## [What you have to do]
All the lines below should appear again unchanged, though their pictures should not.

## [Available data]
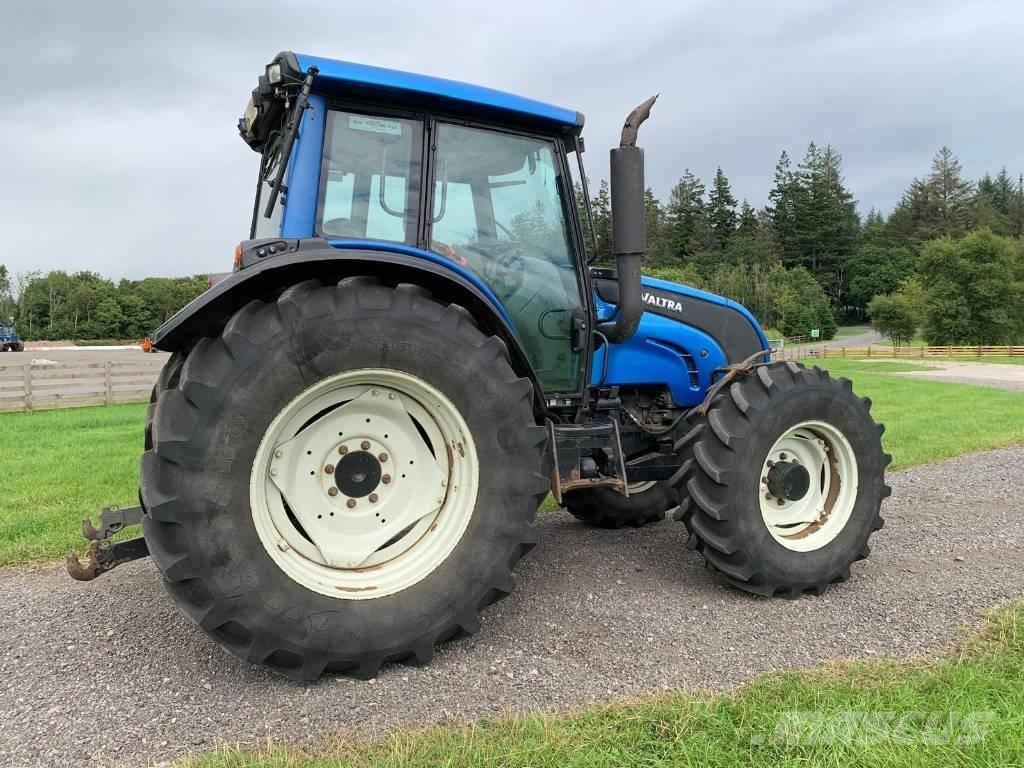 Valtra N141 Tractor Tractoare forestiere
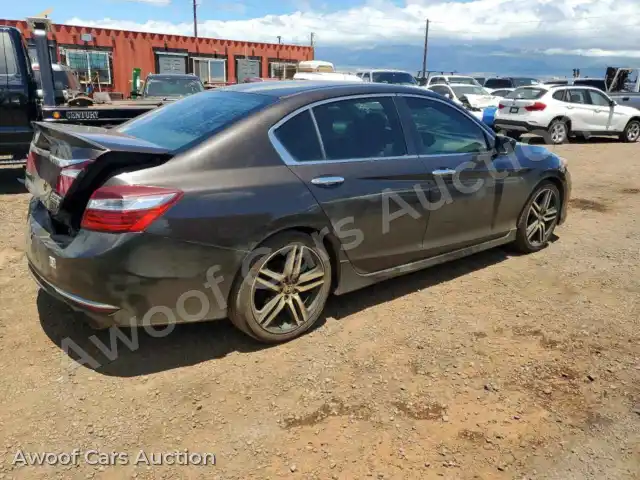 2017 Honda Accord SPO 1HGCR2F13HA120865 — Copart auction photo 3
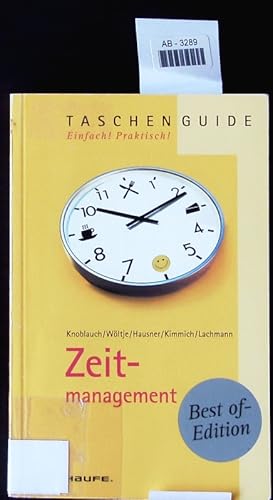 Bild des Verk�ufers f�r Zeitmanagement. zum Verkauf von Antiquariat Bookfarm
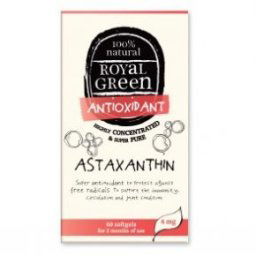 Royal Green astaxanthin antioxidáns kapszula - 60db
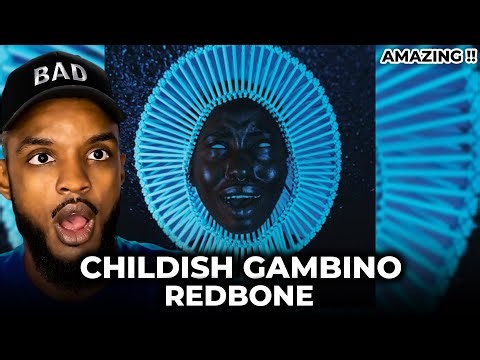 🎵 Childish Gambino - Redbone REACTION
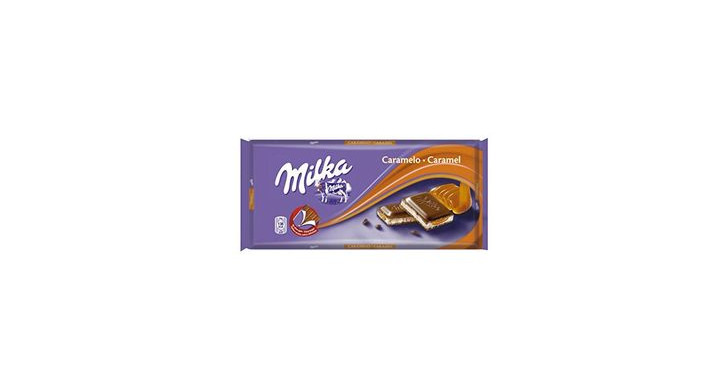 Producto Milka - Tableta De Chocolate Leche Con Caramelo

## [Answer to this problem]
 Valtra N141 Tractor Tractoare forestiere
 2017 Honda Accord SPO 1HGCR2F13HA120865 — Copart auction photo 3
 Bild des Verk�ufers f�r Zeitmanagement. zum Verkauf von Antiquariat Bookfarm
 Royal Green astaxanthin antioxidáns kapszula - 60db
 🎵 Childish Gambino - Redbone REACTION
 Producto Milka - Tableta De Chocolate Leche Con Caramelo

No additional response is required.